Within the entries below, output exactly the lines between the line containing "Photo of Bedroom in Karavados" and the line containing "Motel 6 Brenham, TX", inclusive, and omit any picture.

START EXCERPTED RECORDS

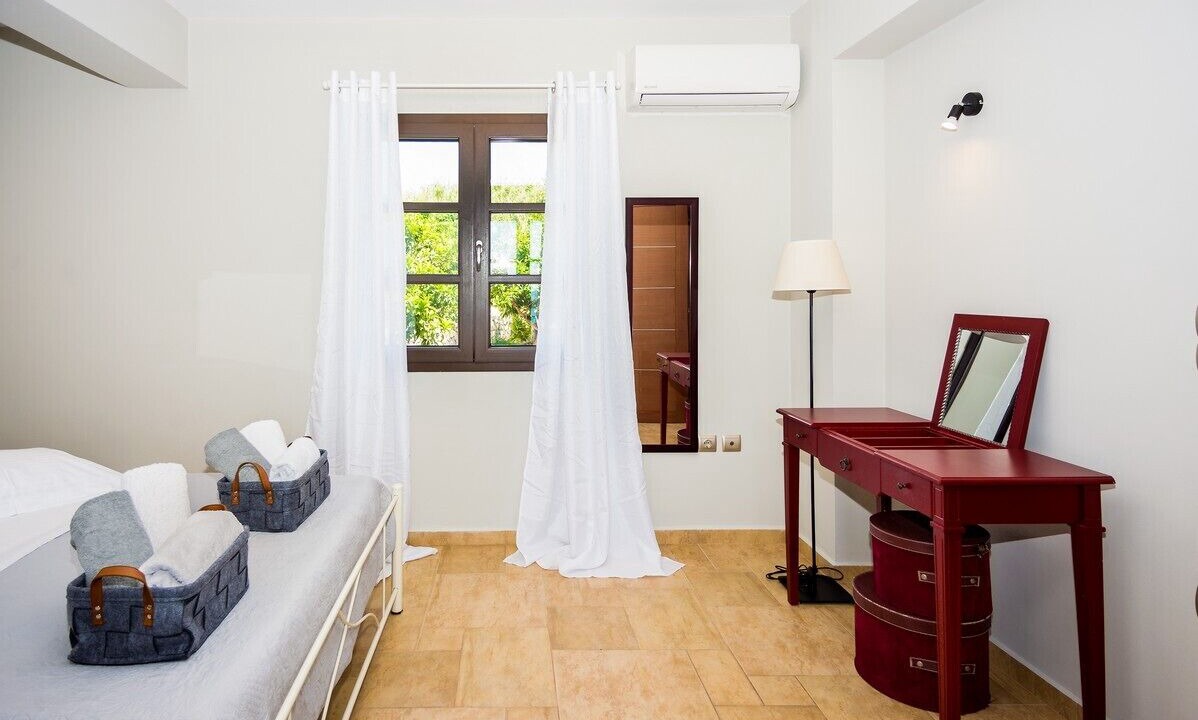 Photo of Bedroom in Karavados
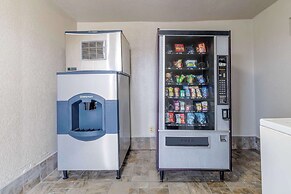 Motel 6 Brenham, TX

END EXCERPTED RECORDS
START EXCERPTED RECORDS

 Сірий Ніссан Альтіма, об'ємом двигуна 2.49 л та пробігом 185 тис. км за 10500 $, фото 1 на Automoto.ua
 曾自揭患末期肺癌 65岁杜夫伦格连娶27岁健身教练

END EXCERPTED RECORDS

#### FINISHED TASK
 Photo of Bedroom in Karavados
 Motel 6 Brenham, TX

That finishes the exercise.